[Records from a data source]
__________

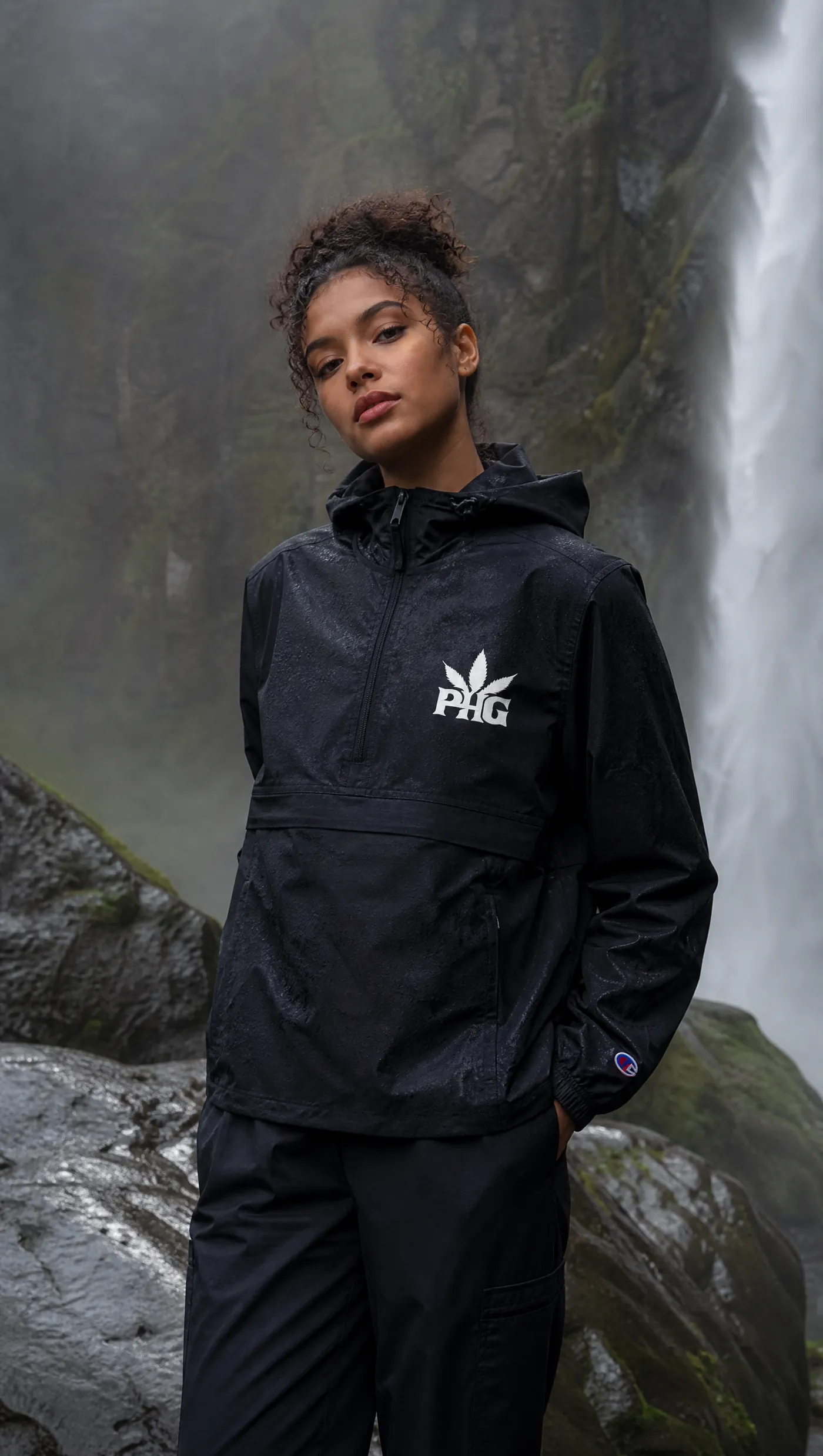 A member in a black PotHead Gang anorak against a dark backdrop.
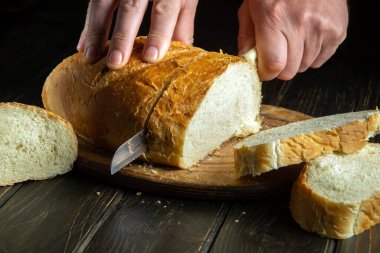 Cook's hand cut fresh bread with a knife on a kitchen cutting board. Healthy food and traditional bakery concept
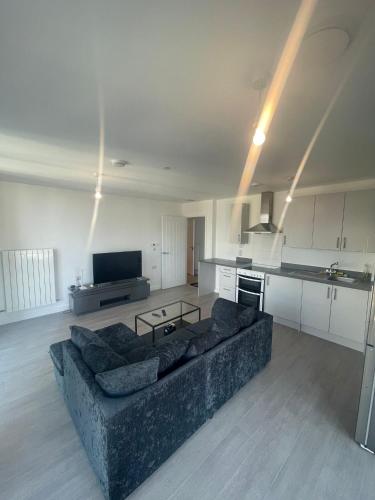 a living room with a couch and a kitchen at New Luxury 2 Bedroom apartment with a beautiful London City view in Barking
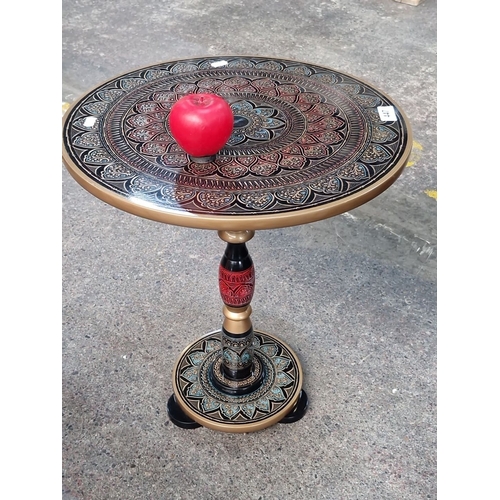 447 - A very pretty hand-painted wooden pedestal table with intricate mandala design in red, blue, and gol... 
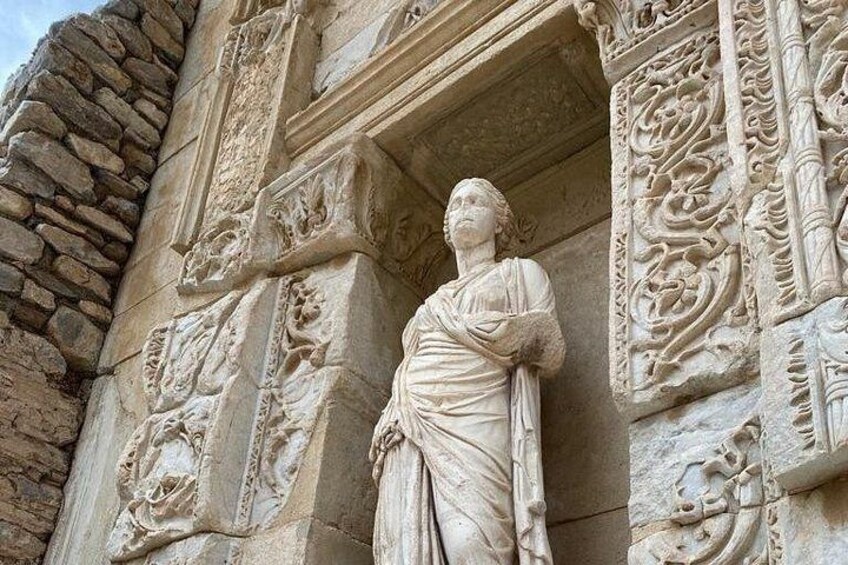 A stone statue of a figure with draped clothing, set against a detailed architectural backdrop with carved patterns and a stone wall. 3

__________

■ WHAT IS BEING ASKED ■
Your reply should be the entries above, repeated exactly and free of pictures.

■ TASK ANSWER ■
 A member in a black PotHead Gang anorak against a dark backdrop.
 Cook's hand cut fresh bread with a knife on a kitchen cutting board. Healthy food and traditional bakery concept
 a living room with a couch and a kitchen at New Luxury 2 Bedroom apartment with a beautiful London City view in Barking
 447 - A very pretty hand-painted wooden pedestal table with intricate mandala design in red, blue, and gol... 
 A stone statue of a figure with draped clothing, set against a detailed architectural backdrop with carved patterns and a stone wall. 3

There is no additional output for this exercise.